**PROBLEM TO SOLVE**: Exclude the pictures and repeat all of the data exactly.

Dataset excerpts
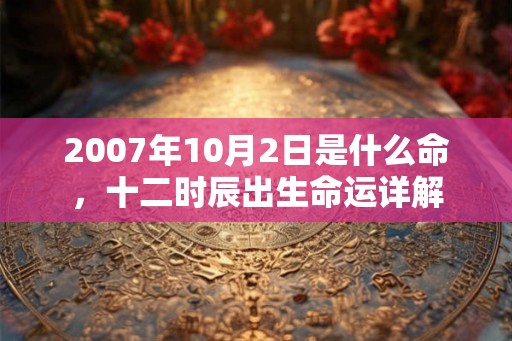 2007年10月2日是什么命，十二时辰出生命运详解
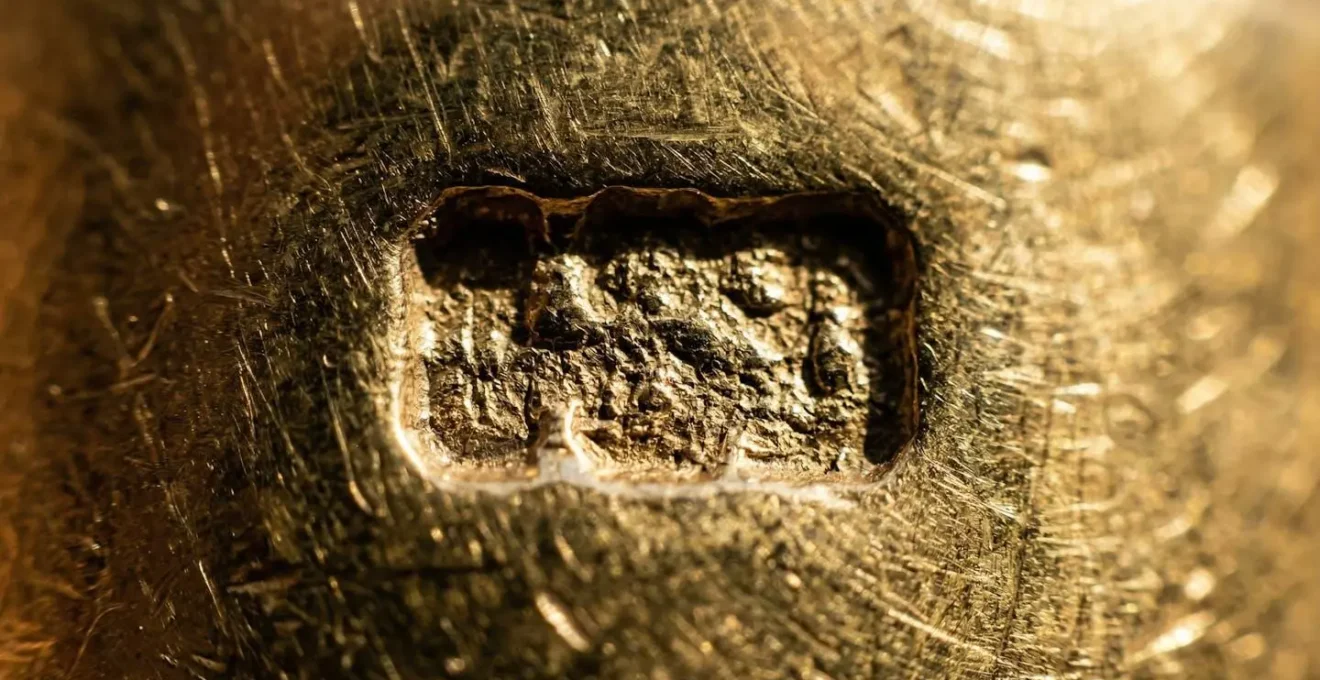 Extreme close-up of 750 hallmark stamp on 18k gold jewelry showing crisp impression depth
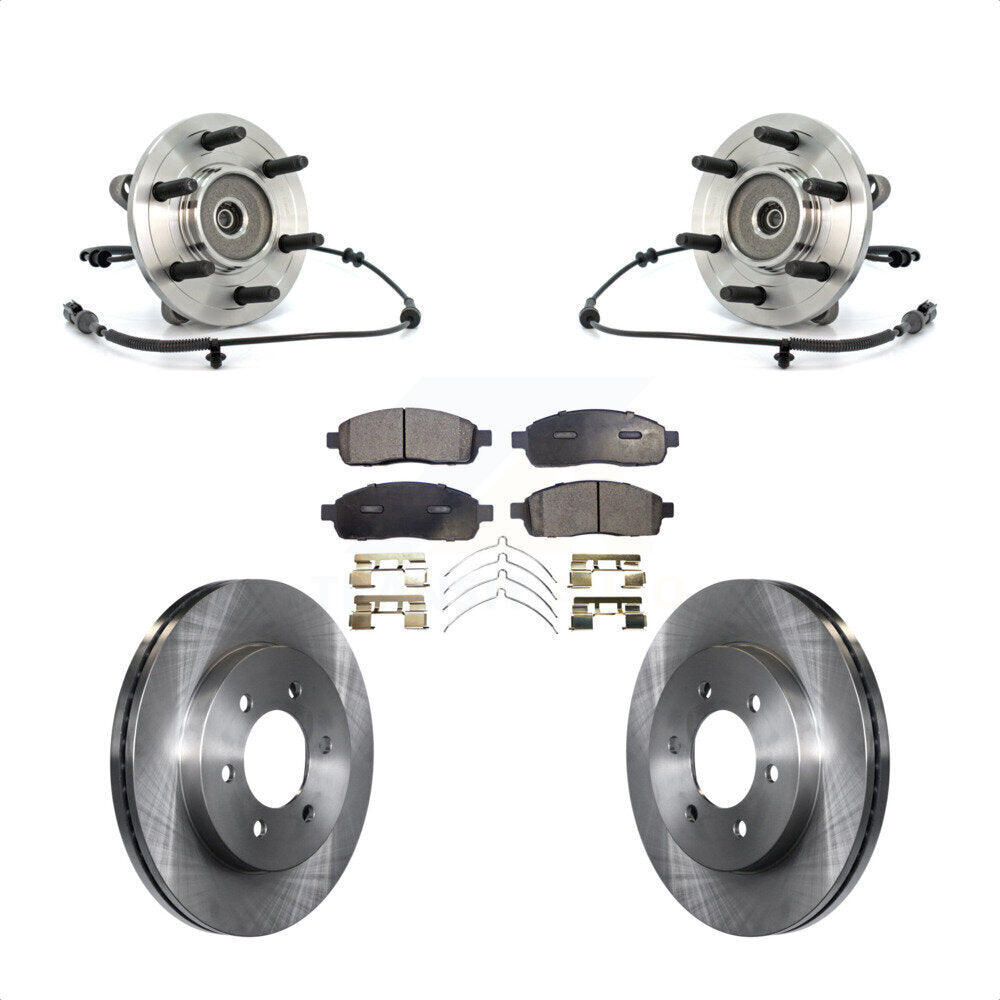 Hub Bearing Assembly Disc Brake Rotors And Pads Front Kit For Ford F-150 4WD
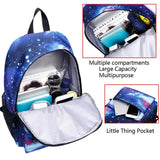 Galaxy Backpack School College Laptop USB Charging Port for Teenagers Boys Girls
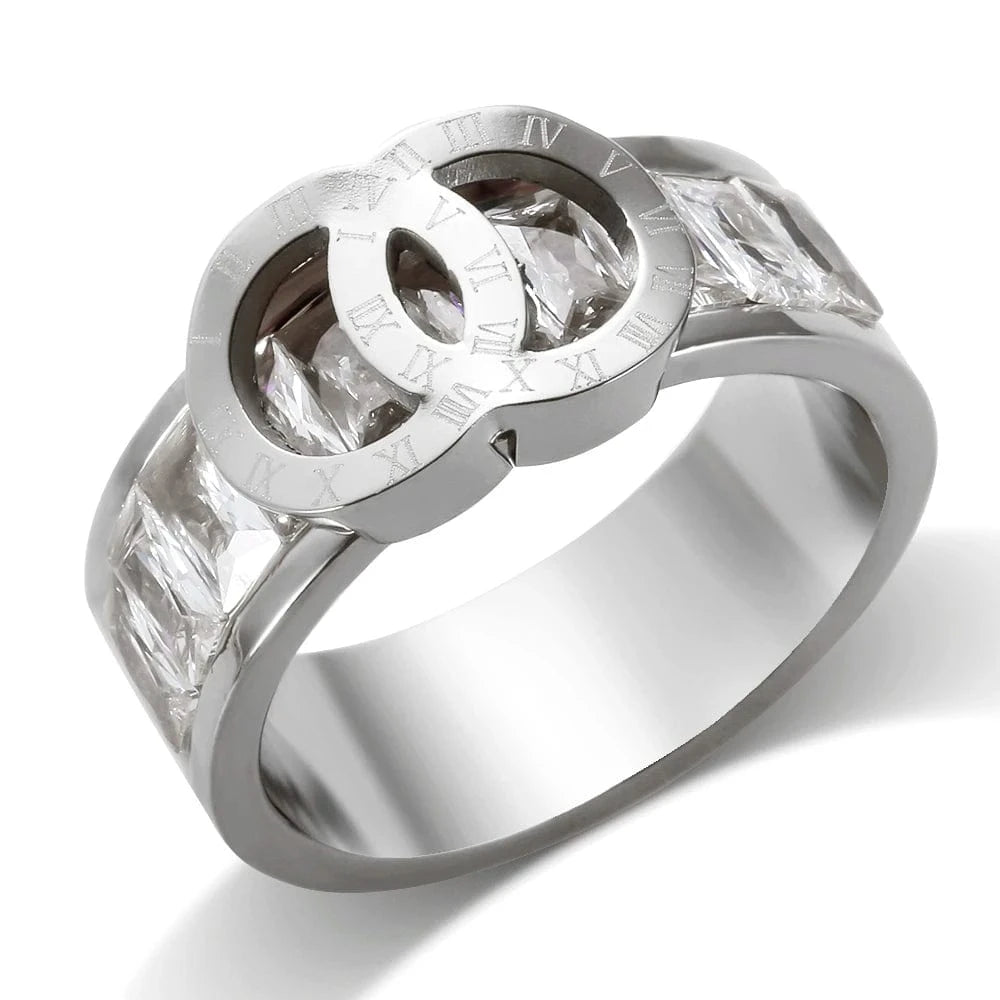 8 / as description / Silver Color Plated Factory New Fashion Popular Stainless Steel Ring Wholesale Custom Spot One Dropshipping Jewelry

**YOUR SOLUTION**:
 2007年10月2日是什么命，十二时辰出生命运详解
 Extreme close-up of 750 hallmark stamp on 18k gold jewelry showing crisp impression depth
 Hub Bearing Assembly Disc Brake Rotors And Pads Front Kit For Ford F-150 4WD
 Galaxy Backpack School College Laptop USB Charging Port for Teenagers Boys Girls
 8 / as description / Silver Color Plated Factory New Fashion Popular Stainless Steel Ring Wholesale Custom Spot One Dropshipping Jewelry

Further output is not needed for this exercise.